Lone Wolf Sullivan is a writer, songwriter, and studio musician.

Sunday, May 10, 2009

Monty Python's Flying Circus (1969 - 1974) * * *

MONTY PYTHON'S FLYING CIRCUS was a group of six comedians who created a British television comedy sketch show that first aired on the BBC on October 5, 1969. The troupe included John Cleese, Eric Idle, Michael Palin, Terry Jones, Terry Gilliam, and Graham Chapman. Forty-five episodes were made over four series with their distinctive brand of irreverent and often surreal comedy and satire on BBC-1 from 1969 through 1973 and on BBC-2, without Cleese, for the last few months of 1974--plus 2 episodes for German TV, both entitled "Monty Python's Fliegender Zirkus". The final episode of Series 4 was recorded on November 16 and broadcast on December 5, 1974.

BBC Announcer: We interrupt this program to annoy you and make things generally irritating.
Hermit: It's...

The first three series contained 13 episodes each, but the fourth ended after six. MONTY PYTHON offered savage broadsides against the pomposity and repression of the British establishment, spoofs of European history, satires of leading intellectual and cultural figures, and lots of cross-dressing men in drag.

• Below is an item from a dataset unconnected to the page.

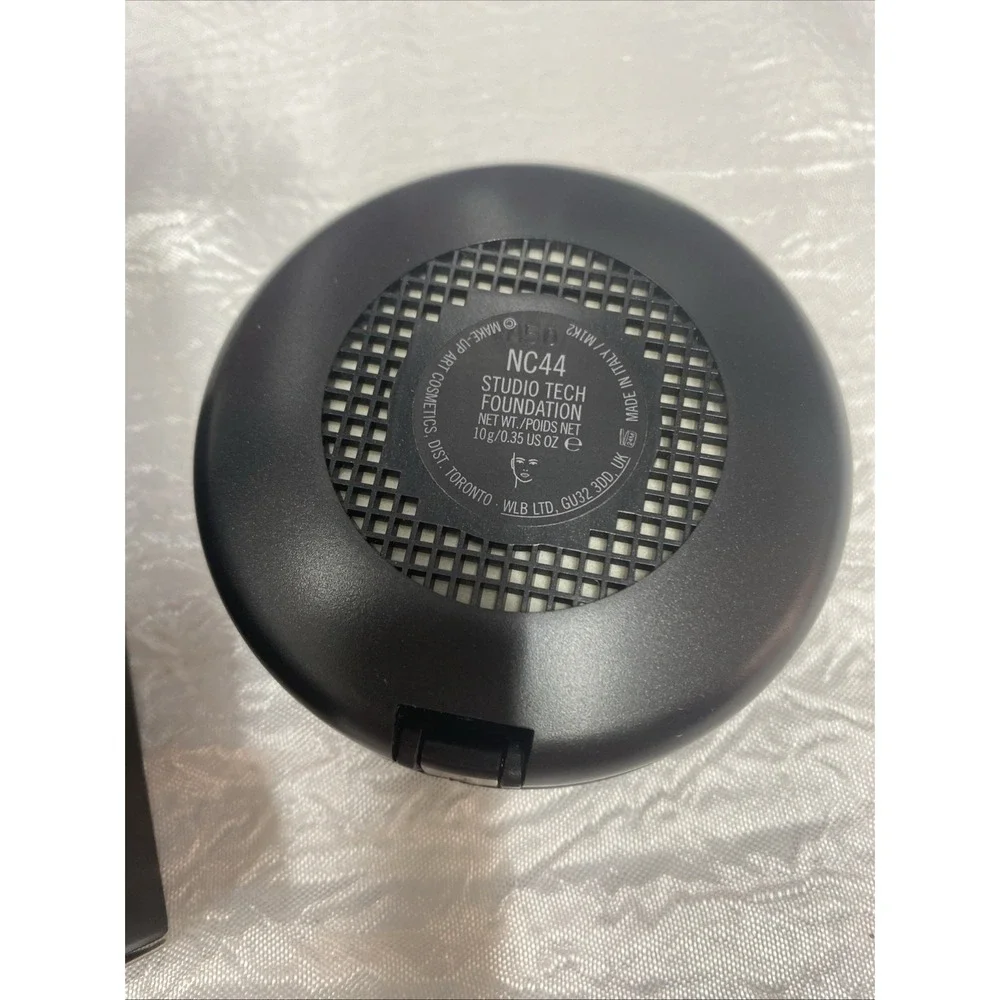 Mac Studio Tech Foundation 0.35‎ oz 100% AUTHENTIC, NC 44 Read Description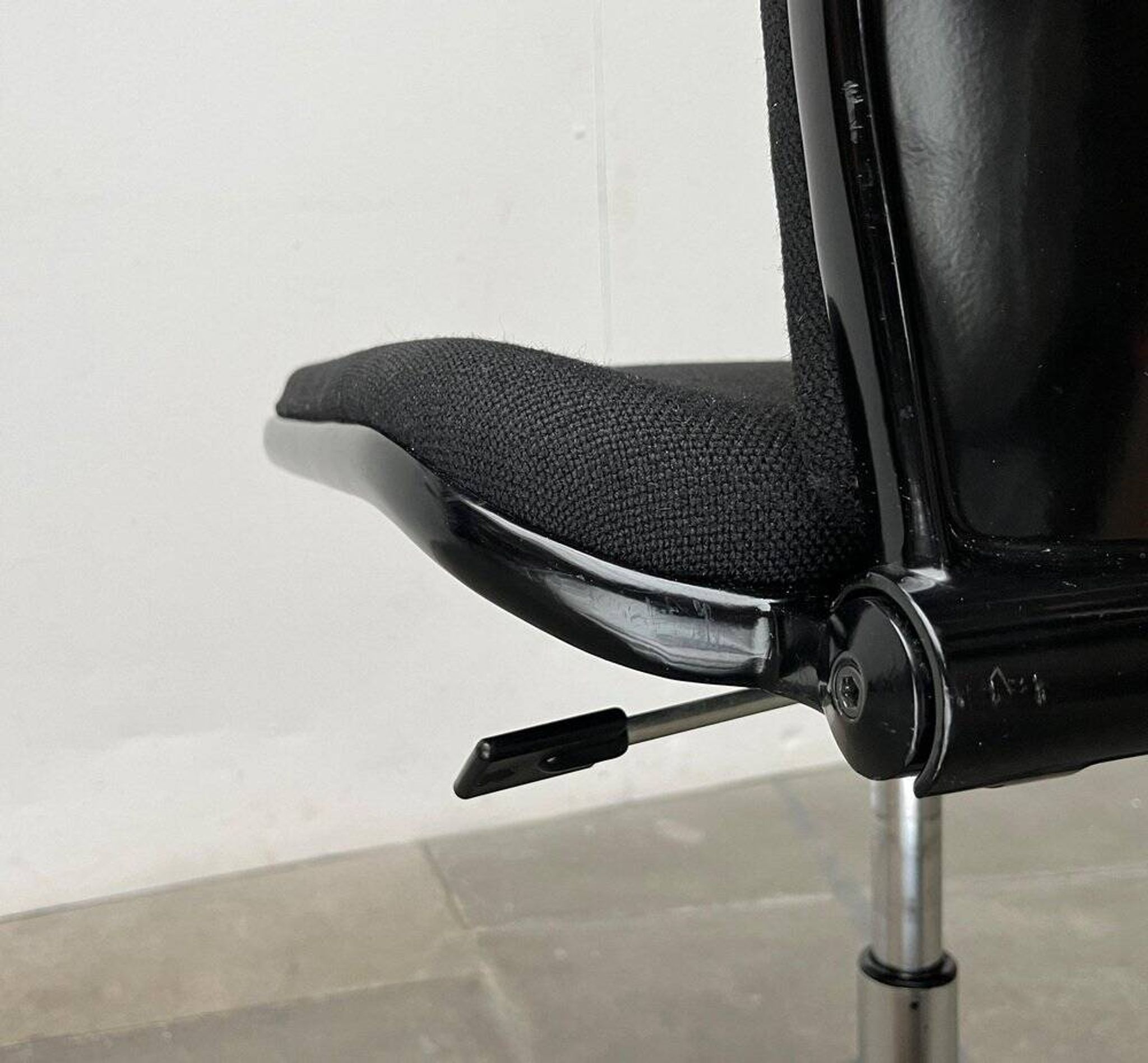 Vintage swivel office chair Supporto Series by Frederick Scott for Hille, 1970s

These ugly "women" were referred to as pepperpots, and usually Carol Cleveland appears for sexy female roles. The show is noted for its surreality, risqué or innuendo-laden humour, sight gags, and sketches without punchlines. It also features the animations of Terry Gilliam, which are often sequenced or merged with live action.

Announcer: And now for something completely different.

Loosely structured as a sketch show but with an innovative stream-of-consciousness approach, it pushed the boundaries of what was acceptable in style and content on TV. The irreverent skits are often surreal, baudy, uncompromising, tasteless, but inevitably hilarious. The troupe wrote and performed their work, changing the way performers entertained audiences. Monty Pythons' creative control allowed them to experiment with form and content, discarding rules of television comedy. Their influence on comedy has been overwhelming in the UK and in North America, influencing shows such as SATURDAY NIGHT LIVE.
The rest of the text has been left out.